In all communities there are crisises when forbearance ceases to be a virtue; and the time is now fast approaching when words and grass will be laid aside, and sterner methods adopted to clear the moral atmosphere of Utah. And while she is truly grateful to the emigration of this season for giving the land sharks so small an opportunity to ply their vocation, she is anxious that future emigration will so profit in their outfit, and mode of travel, as to be abundantly able to pass all land-sharks with impunity, and silent contempt.
To still further enable them to co-operate in the accomplishment of this worthy object, they are recommended to take the Sublette Cut Off, between the Dry and Little Sandys, whenever practicable; and if they pass that, to take McKinney's cut off, or the Fort Hall route; and if they pass that point for turning off, and come on to the Weber river, it will be best to deflect northerly, at the head of the kanyon, to the north of Ogden city.

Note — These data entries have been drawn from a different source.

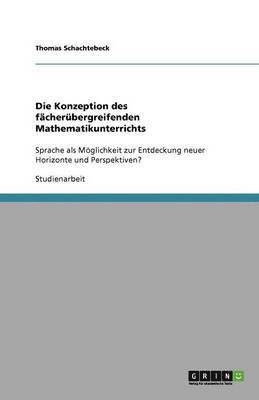 bokomslag Die Konzeption des facherubergreifenden Mathematikunterrichts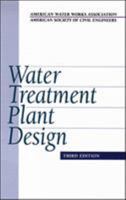Water Treatment Plant Design (McGraw-Hill Handbooks) 0070015422 Book Cover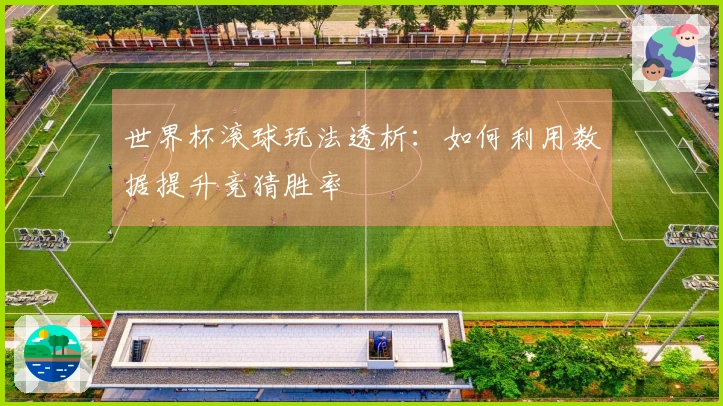 世界杯滚球玩法透析：如何利用数据提升竞猜胜率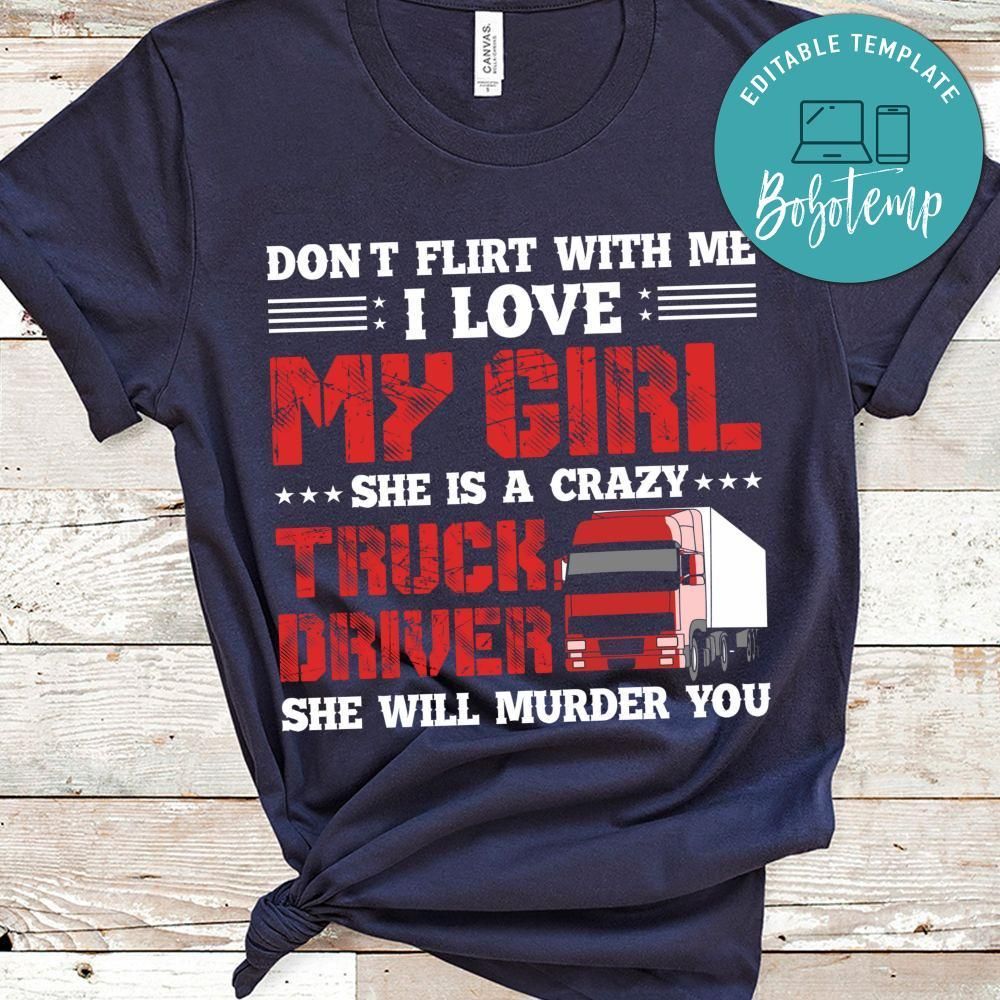 She Is A Crazy Truck Driver Shirt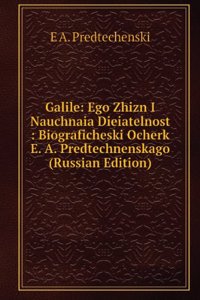 GALILE EGO ZHIZN I NAUCHNAIA DIEIATELNO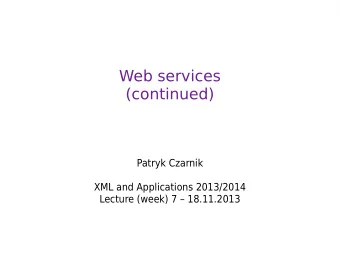 Web services  (continued)  Patryk Czarnik  XML and Applications 2013/2014  Lecture (week) 7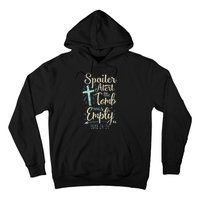 Basket Stuffers Spoiler Alert Tomb Was Empty Hoodie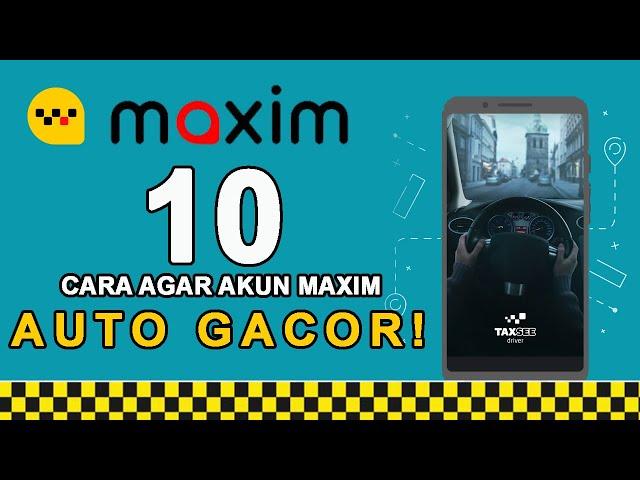 10 Cara Agar Akun MAXIM Gacor | Coba Dan Rasakan Bedanya. Order AUTO GACOR!!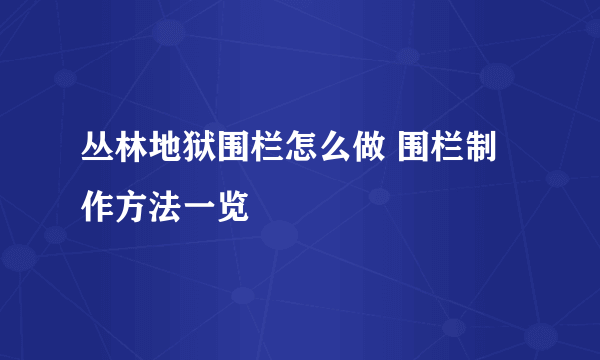 丛林地狱围栏怎么做 围栏制作方法一览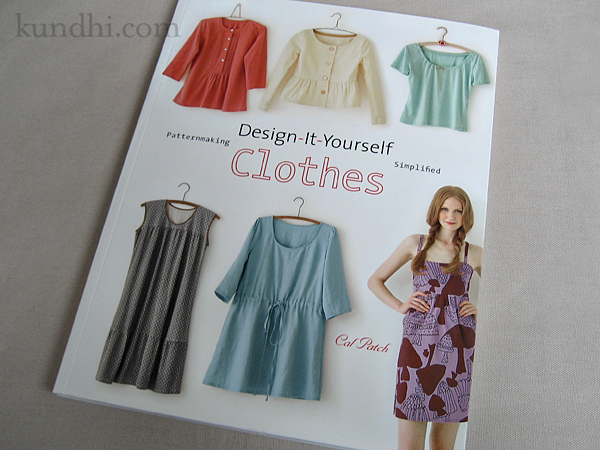 Design-It-Yourself Clothes: Patternmaking Simplified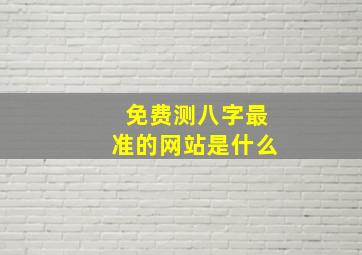 免费测八字最准的网站是什么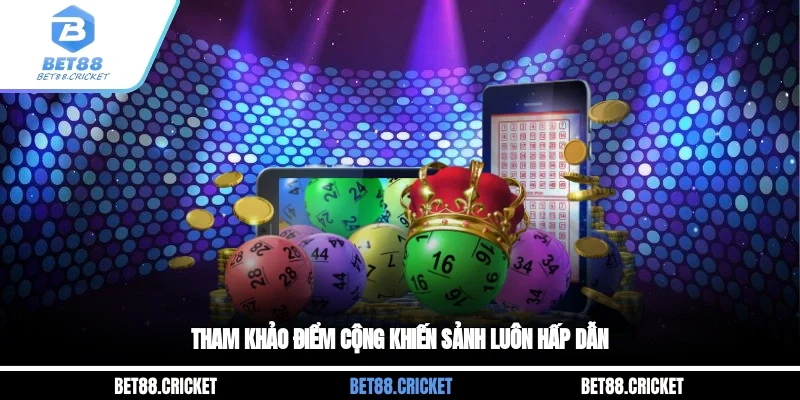 Tham khảo điểm cộng khiến sảnh luôn hấp dẫn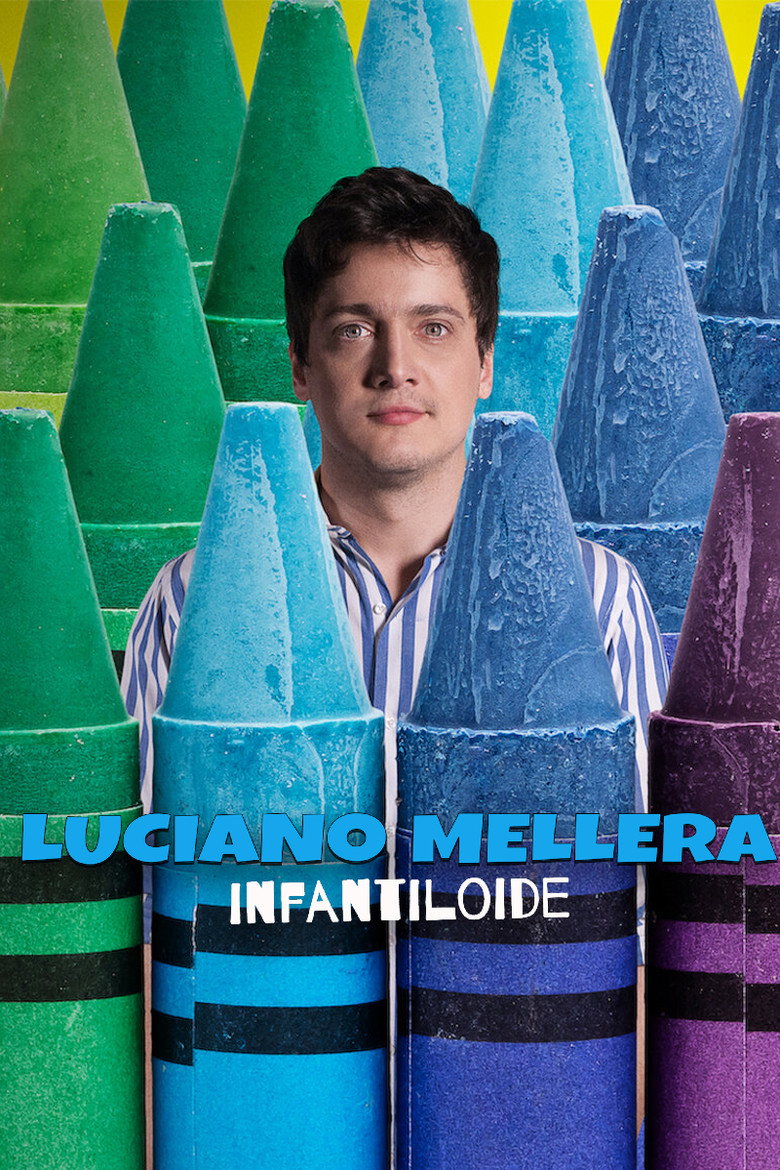 Luciano Mellera: Infantiloide (2018) — affiche film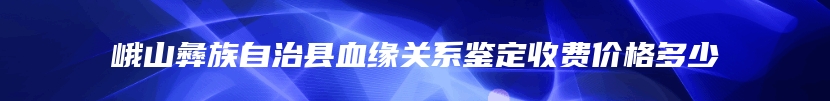 峨山彝族自治县血缘关系鉴定收费价格多少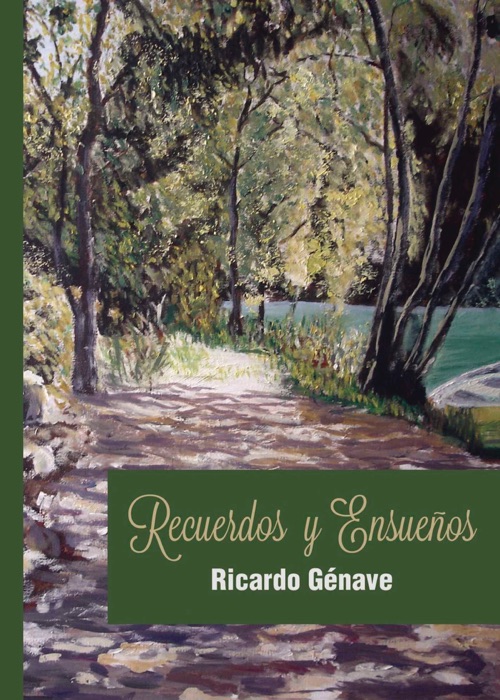 Recuerdos y ensueños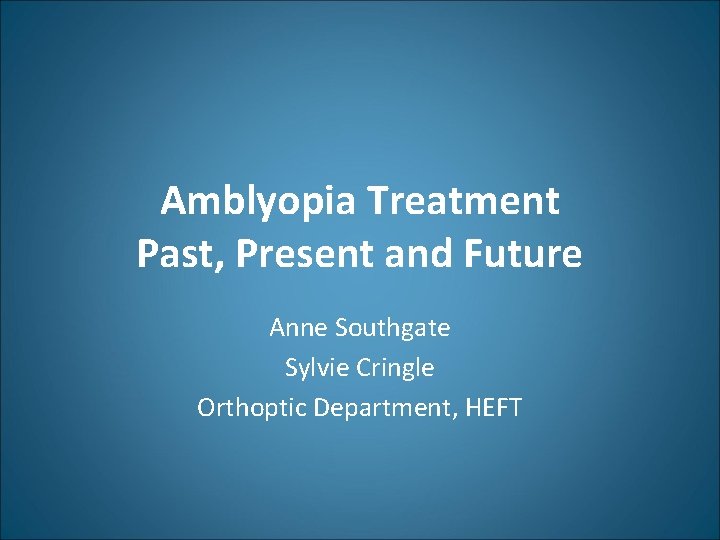 Amblyopia Treatment Past, Present and Future Anne Southgate Sylvie Cringle Orthoptic Department, HEFT 
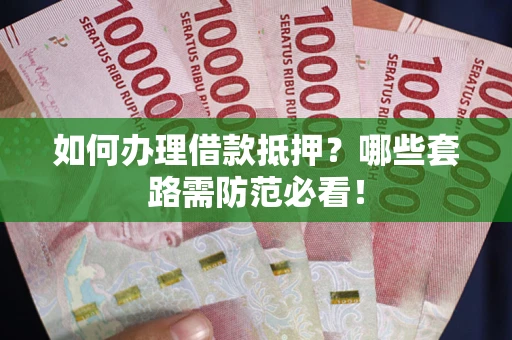 武汉如何办理借款抵押？哪些套路需防范必看！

Should the future emigration conduct as widely, honorably, and uprightly as the present, and the worthy portion of the inhabitants of Utah be vigilant, and united, it is self evident that our borders will soon be too strait for the mischief and murder working and sharks, scoundrels, and thieves, who do not take the hint, and leave, or reform in season; for their occupation will be gone-and judgment must be laid to the line and righteousness to the plummet.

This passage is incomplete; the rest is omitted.